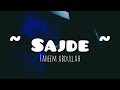 Sajde Lyrics Ft Faheem Abdullah Huzaif Nazar Female Version Sajde Lyrics Ft Faheem Abdullah Huzaif Nazar Female Version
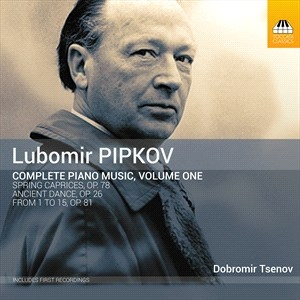 Pipkov Lubomir - Complete Piano Music, Vol. 1 in the group Externt_Lager /  at Bengans Skivbutik AB (4181569)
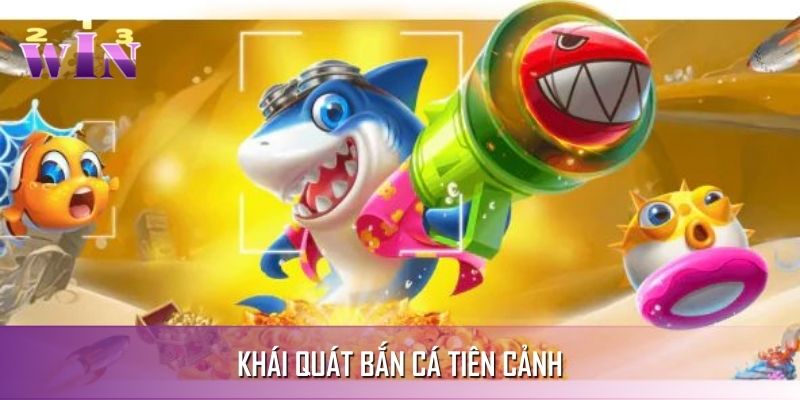 Sơ lược bắn cá tiên cảnh Sơ lược bắn cá tiên cảnh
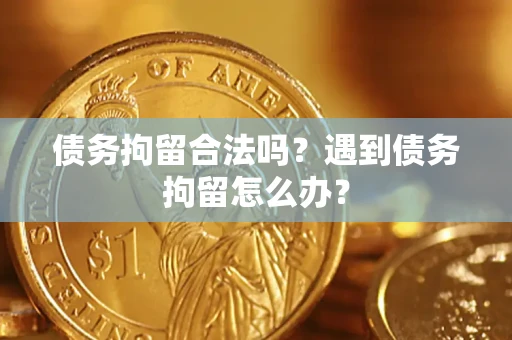 北京债务拘留合法吗？遇到债务拘留怎么办？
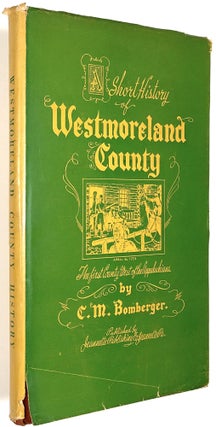 Item #B30134 A Short History of Westmoreland County: The First County West of the Appalachians....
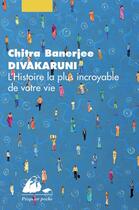 Couverture du livre « L'histoire la plus incroyable de votre vie » de Chitra-Banerjee Divakaruni aux éditions Editions Philippe Picquier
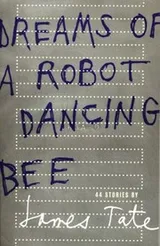 Cover of Dreams of A Robot Dancing Bee 44 Stories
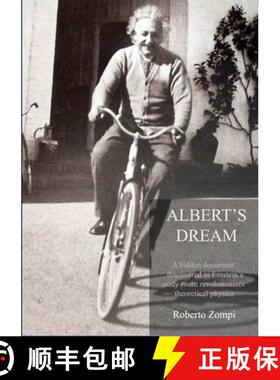 【3-4周达】Albert's Dream: A hidden document discovered in Einstein's study room revolutionizes theor... [9780244282851]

**Task directions**
Your response should reproduce the entire listing verbatim, minus the pictures.

**Exercise response**
 Sajde Lyrics Ft Faheem Abdullah Huzaif Nazar Female Version Sajde Lyrics Ft Faheem Abdullah Huzaif Nazar Female Version
 Pipkov Lubomir - Complete Piano Music, Vol. 1 in the group Externt_Lager /  at Bengans Skivbutik AB (4181569)
 Sơ lược bắn cá tiên cảnh Sơ lược bắn cá tiên cảnh
 北京债务拘留合法吗？遇到债务拘留怎么办？
 Item #B30134 A Short History of Westmoreland County: The First County West of the Appalachians....
 Couverture du livre « L'histoire la plus incroyable de votre vie » de Chitra-Banerjee Divakaruni aux éditions Editions Philippe Picquier
 Cover of Dreams of A Robot Dancing Bee 44 Stories
 【3-4周达】Albert's Dream: A hidden document discovered in Einstein's study room revolutionizes theor... [9780244282851]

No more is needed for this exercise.